The main speaker is Tristan Harris former Design Ethicist at Google and Co-Founder of the Center for Humane Technology. Harris feels uneasy that a small number of executives in Silicon Valley can make decisions that affect over 2 billion people. All the speakers agree that there are so many issues all happening at the same time that it is difficult to unpick them. However, the main concerns were highlighted as:
- Mental health and social media use
- Fake news with devastating consequences
- Snapchat dysmorphia – with young people wanting to look more like their snapchat filters
- Stolen data
Tim Kendall, Facebook Former Executive and Pinterest Former President sees the reluctance to change is driven by the advertising model to make money.
What is the product?
Every tech platform has the aim to keep people engaged on screen. These services are not free. Harris comments that “If you’re not paying for the product, then you are the product. Shoshana Zuboff from Harvard Business School refers to “surveillance capitalism” where everything we do on line is being tracked and measured, even what images we look at and for how long. This generates data about our behaviour that is traded with advertisers who want to sell products to us and our connections. This makes internet companies the richest companies in the history of our planet. Companies build models that can predict our actions and emotions so that three goals can be met:
- Engagement – to keep us scrolling
- Growth – to share and invite our friends and family
- Advertising – to sell us products based on our actions and emotions
Without us ever being aware of it, there is a level of precision used by all tech companies to nudge us to keep scrolling.
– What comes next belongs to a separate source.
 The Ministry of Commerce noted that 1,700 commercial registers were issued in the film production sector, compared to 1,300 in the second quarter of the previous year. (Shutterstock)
I found this part of the documentary disturbing. The speakers referred to “growth hacking” techniques where tech companies train their employees in psychology to modify people’s behaviour, about habits that become design techniques. Sean Parker, Facebook’s – Former President sees this as “exploiting a vulnerability in human psychology” and that the tech companies understand this – but do it anyway.
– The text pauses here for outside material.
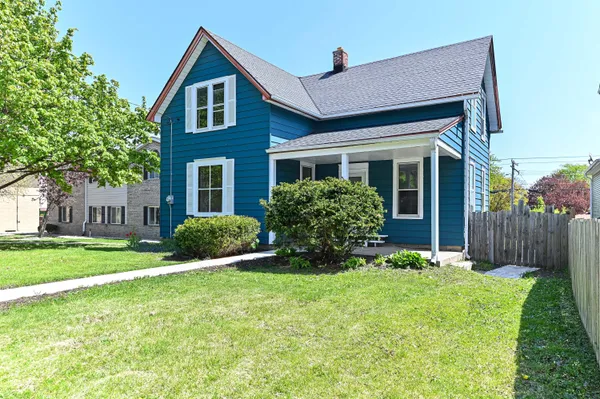 $269,900 | 3270 South 92nd Street, Milwaukee, WI 53227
“There are only two industries that call their customers “users”: illegal drugs and software” Edward Tufte
Anna Lembke from Stanford University refers to social media as an addictive drug that releases dopamine. It can affect our self-worth, identity, causing confusion of value and truth. The increase in the levels of depression, anxiety, self-harm and suicides amongst US girls correlates with social media availability on mobile devices. Lembke refers to a whole generation that is more anxious, depressed, fragile and risk adverse because they are comparing themselves to unrealistic standards of perfection and beauty. Harris comments that tech companies are training and conditioning young people with “a digital pacifier” so when they are feeling lonely or sad they reach for their devices and start scrolling. The concept of the ‘like’ button on Facebook was created to spread positivity, but for some young people it generates depression and can even lead to suicide.
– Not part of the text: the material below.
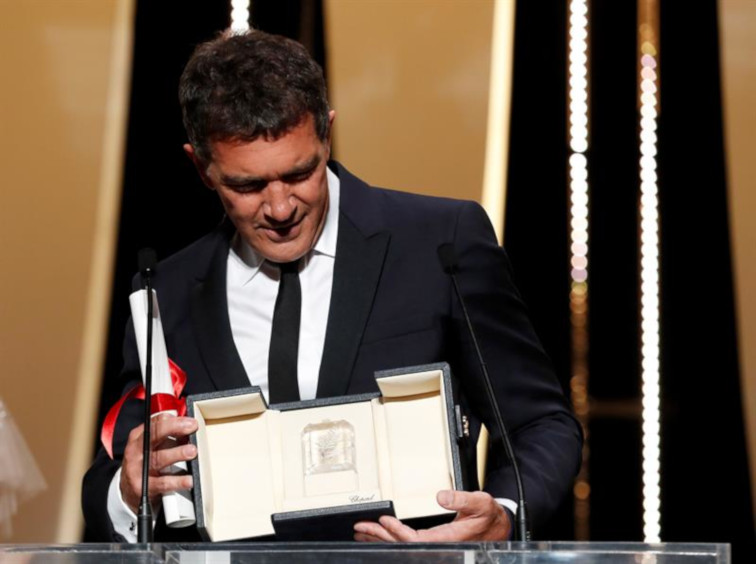 Antonio Banderas  ganó el premio como Mejor Actor por 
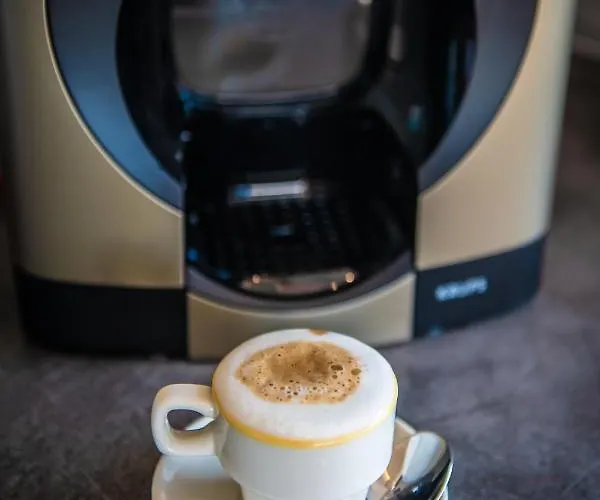 Artist Terrace Apartment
Did you know that your Facebook newsfeed depends on where you live and what your searched interests are? This may seem harmless until you realise that this is the perfect example of manipulation. Harris comments that “fake news on Twitter spreads six times faster than real news” and the reason for this is that false information makes more money. We are constantly bombarded with rumours and it’s becoming difficult to unpick what is real and what is fake. Ironically, the information age has morphed into the “disinformation age.” All the speakers agreed that this was an unexpected negative consequence. Facebook has become the perfect tool of persuasion and is a gift for tyrannical leaders who want to control a population.
How do we change?
If all this sounds depressing, it’s not meant to be. Technology has been a life saver for most people during the pandemic with home schooling, Zoom meetings and keeping us all connected. Harris ends the documentary by pointing to technology being “confusingly utopian and dystopian simultaneously,” in that it has the ability to bring out the best and worst in our society. While there appears to be no financial incentive for tech companies to change as their mantra is profit at all costs, all the speakers agreed that the tech companies must change. Until that happens we need to be mindful of social media products that are trying to get us hooked on sharing our information and look out for addictive techniques these apps use. I would highly recommend you watching this programme for yourself.